### Brief
A verbatim reproduction of the lines below, from the line containing "ValueX Nitrile Gloves" through the line containing "Siyah Toskana Zig Deri Börk", both ends included, is the whole required output.

### Data records
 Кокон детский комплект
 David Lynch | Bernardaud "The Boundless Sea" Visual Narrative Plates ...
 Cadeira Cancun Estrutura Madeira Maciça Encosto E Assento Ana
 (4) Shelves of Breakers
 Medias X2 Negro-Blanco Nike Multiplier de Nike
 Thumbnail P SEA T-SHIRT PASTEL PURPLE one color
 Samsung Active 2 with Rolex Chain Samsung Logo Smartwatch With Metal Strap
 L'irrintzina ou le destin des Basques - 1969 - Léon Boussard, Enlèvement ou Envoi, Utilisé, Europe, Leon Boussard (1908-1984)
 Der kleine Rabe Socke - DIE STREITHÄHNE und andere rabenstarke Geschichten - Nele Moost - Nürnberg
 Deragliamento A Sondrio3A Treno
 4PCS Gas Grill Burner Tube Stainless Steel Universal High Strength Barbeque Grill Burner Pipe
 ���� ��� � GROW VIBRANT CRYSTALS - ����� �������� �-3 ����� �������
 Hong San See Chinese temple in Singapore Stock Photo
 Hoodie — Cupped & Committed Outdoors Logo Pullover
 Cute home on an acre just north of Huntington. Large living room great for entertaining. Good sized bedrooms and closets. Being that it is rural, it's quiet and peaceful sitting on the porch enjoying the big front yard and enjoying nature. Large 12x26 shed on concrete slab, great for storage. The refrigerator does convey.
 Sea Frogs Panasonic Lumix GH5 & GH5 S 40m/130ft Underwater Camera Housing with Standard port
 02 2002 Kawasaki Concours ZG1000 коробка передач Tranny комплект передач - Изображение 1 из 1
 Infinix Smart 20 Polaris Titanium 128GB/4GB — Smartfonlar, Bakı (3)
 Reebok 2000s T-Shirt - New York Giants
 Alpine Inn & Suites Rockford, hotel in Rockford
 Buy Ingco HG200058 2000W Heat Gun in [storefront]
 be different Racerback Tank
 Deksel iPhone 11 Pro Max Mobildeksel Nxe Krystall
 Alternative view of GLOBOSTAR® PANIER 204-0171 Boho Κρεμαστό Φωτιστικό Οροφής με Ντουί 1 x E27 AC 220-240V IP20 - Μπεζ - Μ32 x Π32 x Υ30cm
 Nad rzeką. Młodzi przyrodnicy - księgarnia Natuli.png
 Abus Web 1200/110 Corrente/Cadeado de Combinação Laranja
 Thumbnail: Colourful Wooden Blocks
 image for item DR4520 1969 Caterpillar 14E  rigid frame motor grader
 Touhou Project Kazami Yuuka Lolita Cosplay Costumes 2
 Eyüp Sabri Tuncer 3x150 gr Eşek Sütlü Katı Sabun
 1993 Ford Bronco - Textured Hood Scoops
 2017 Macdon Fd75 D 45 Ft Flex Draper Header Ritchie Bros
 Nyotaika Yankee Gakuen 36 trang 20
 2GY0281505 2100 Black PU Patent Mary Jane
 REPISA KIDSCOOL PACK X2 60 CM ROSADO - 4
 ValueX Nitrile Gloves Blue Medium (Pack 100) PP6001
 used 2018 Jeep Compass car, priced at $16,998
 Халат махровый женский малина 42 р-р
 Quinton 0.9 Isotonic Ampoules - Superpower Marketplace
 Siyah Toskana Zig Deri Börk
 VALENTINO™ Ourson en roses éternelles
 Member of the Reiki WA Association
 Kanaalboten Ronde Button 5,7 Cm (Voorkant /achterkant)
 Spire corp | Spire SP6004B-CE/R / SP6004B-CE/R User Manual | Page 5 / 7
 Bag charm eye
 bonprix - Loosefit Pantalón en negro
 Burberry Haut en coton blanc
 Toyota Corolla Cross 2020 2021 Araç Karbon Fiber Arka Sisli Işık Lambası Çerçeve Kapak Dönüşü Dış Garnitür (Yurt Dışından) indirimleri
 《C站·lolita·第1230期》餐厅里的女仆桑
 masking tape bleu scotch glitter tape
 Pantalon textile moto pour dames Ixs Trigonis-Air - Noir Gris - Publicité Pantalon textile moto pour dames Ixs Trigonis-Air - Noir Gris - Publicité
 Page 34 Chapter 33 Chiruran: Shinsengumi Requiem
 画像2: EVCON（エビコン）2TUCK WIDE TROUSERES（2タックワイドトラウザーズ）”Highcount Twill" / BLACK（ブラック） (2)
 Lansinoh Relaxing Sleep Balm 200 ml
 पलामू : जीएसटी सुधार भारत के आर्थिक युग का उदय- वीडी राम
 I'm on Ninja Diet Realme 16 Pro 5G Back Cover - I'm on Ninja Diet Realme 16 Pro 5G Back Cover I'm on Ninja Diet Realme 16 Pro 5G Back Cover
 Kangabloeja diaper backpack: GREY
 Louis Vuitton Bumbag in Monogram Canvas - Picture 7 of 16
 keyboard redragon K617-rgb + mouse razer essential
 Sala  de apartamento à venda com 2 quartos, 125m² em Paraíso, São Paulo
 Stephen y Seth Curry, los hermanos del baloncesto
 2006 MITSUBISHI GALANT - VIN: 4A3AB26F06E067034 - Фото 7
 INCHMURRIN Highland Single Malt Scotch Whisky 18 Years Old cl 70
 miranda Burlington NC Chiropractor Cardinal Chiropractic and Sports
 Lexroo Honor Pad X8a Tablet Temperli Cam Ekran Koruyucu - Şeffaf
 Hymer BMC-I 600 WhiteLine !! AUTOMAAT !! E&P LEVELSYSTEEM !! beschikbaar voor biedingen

### Result for this task
 ValueX Nitrile Gloves Blue Medium (Pack 100) PP6001
 used 2018 Jeep Compass car, priced at $16,998
 Халат махровый женский малина 42 р-р
 Quinton 0.9 Isotonic Ampoules - Superpower Marketplace
 Siyah Toskana Zig Deri Börk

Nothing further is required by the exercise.